We would like to share more details about the events that occurred with Memsource between 12:10 and 3:10 PM CEST on 29th May, 2020 which led to the significant slow down of pre-translations (most of them stuck for some time) and then errors returned by pre-translation with Globalese 3 MT engine and what Memsource engineers are doing to prevent these sorts of issues from happening again.

Timeline

12:10 PM CEST - We received alerts about a higher number of unprocessed asynchronous operations and began investigating the cause.

12:37 PM CEST - The cause is identified - many calls to a slow Globalese 3 MT server. We began implementing measures to unblock other waiting operations.

12:55 PM CEST - We received first user complaints about some slower operations.

1:17 PM CEST - We temporarily disabled the Globalese 3 engine type in our MT connector, unblocking all waiting operations. They processed very quickly but translation with Globalese 3 started to return errors.

1:31 PM CEST - We partially enabled Globalese 3; cca 50% translations were successful and 50% returned errors.

3:10 PM CEST - After reconfiguration of the MT connector service, Globalese 3 is enabled.

Root cause

Many pre-translations with the Globalese 3 MT engine were blocking the capacity of the MT integration service.

Actions to Prevent Recurrence

As a reaction to the problems:

  • MT connector will reserve capacity for other clients, so slow translations from one client does not significantly slow down translations for other clients.
  • The number of outgoing connections from the MT service will be monitored for each MT engine.
  • The total capacity of the MT service will be increased.
  • Slow MT engines will be automatically turned off if they start to misbehave.

Conclusion

Finally, we want to apologize. We know how critical our services are to your business. Memsource as a whole will do everything to learn from this incident and use it to drive improvements across our services. As with any significant operational issue, Memsource engineers will be working tirelessly over the next coming days and weeks on improving their understanding of the incident and determine how to make changes that improve our services and processes.
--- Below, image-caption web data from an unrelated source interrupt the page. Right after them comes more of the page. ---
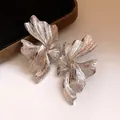 Eleganti orecchini in argento con trama irregolare e design geometrico a petalo unico - Argento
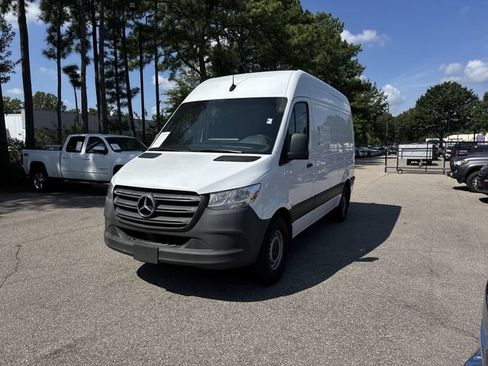 Used 2022 Mercedes-Benz Sprinter 2500 image 4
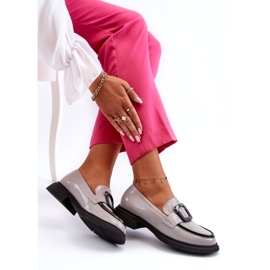 Mocassins femininos de couro envernizado Vinceza, cinza 8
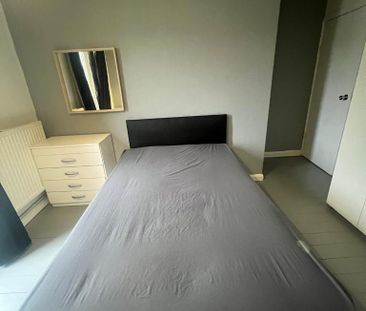 House share to rent - Photo 1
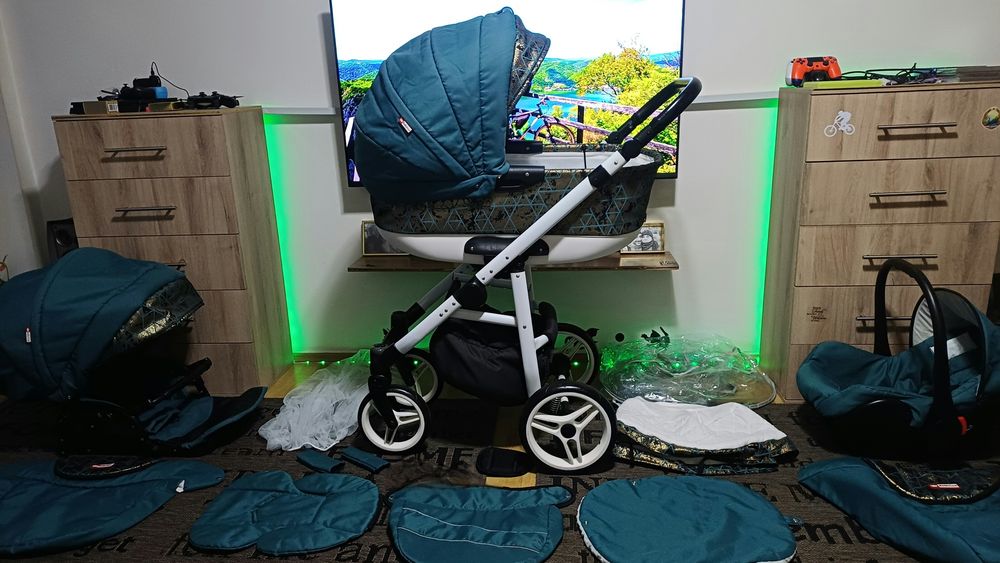 Cărucior copii 3 în 1[sport,landou și scaun auto].Baby Lux Limited Edition.
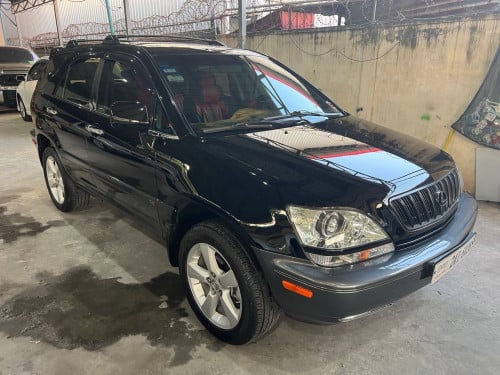 Lexus 2001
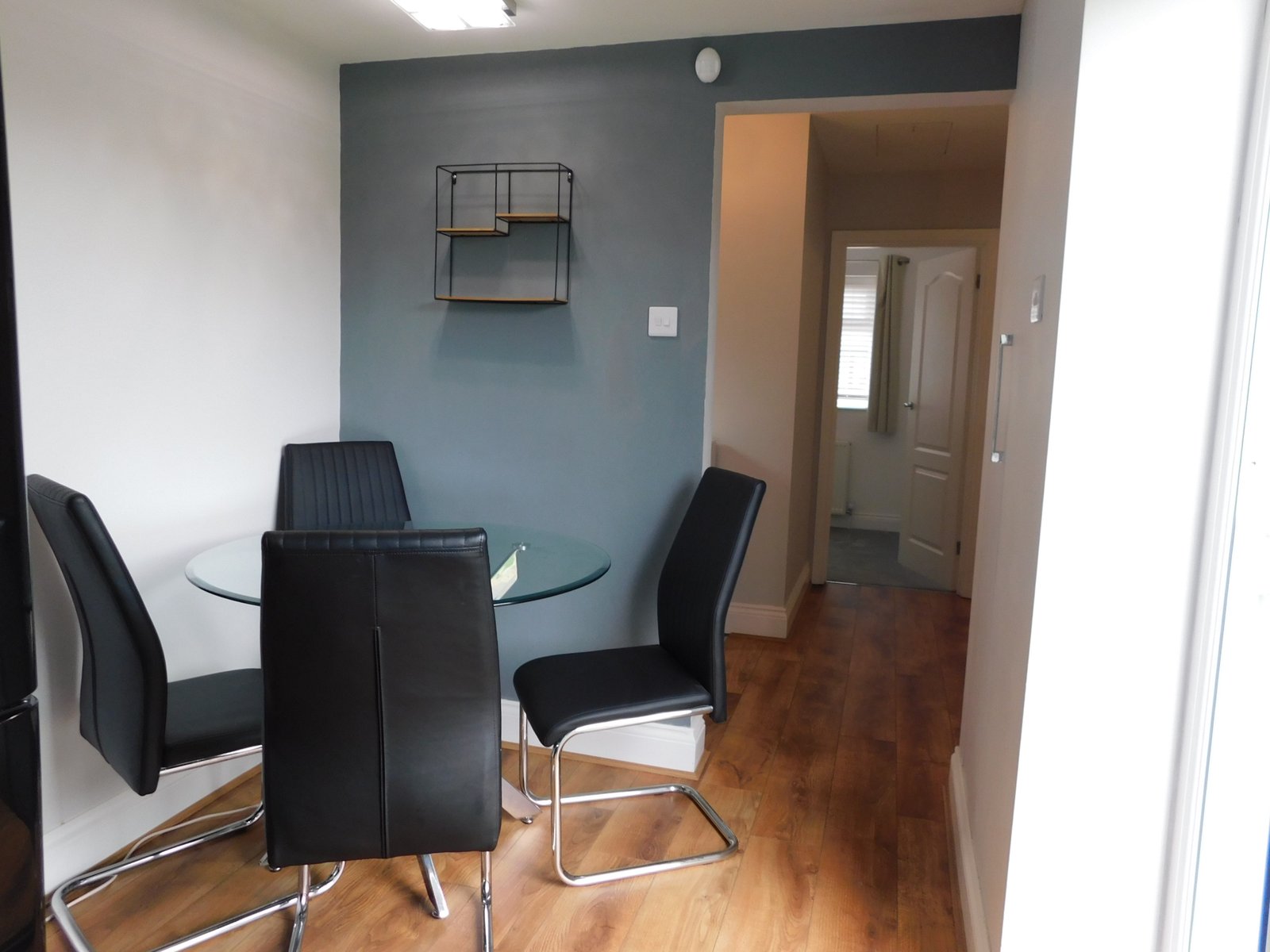 Two/Three Bedroom Bungalow — photo 11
Posted Jun 02, 2020 - 16:18 CEST

Resolved
The issue has been identified and fixed. Right now, we continue to monitor the performance.
Posted May 29, 2020 - 13:17 CEST
Investigating
Our engineering team is investigating the degraded performance of Machine Translation and File Processing components.
Posted May 29, 2020 - 12:10 CEST
This incident affected: Memsource TMS (EU) (File Processing, Machine Translation).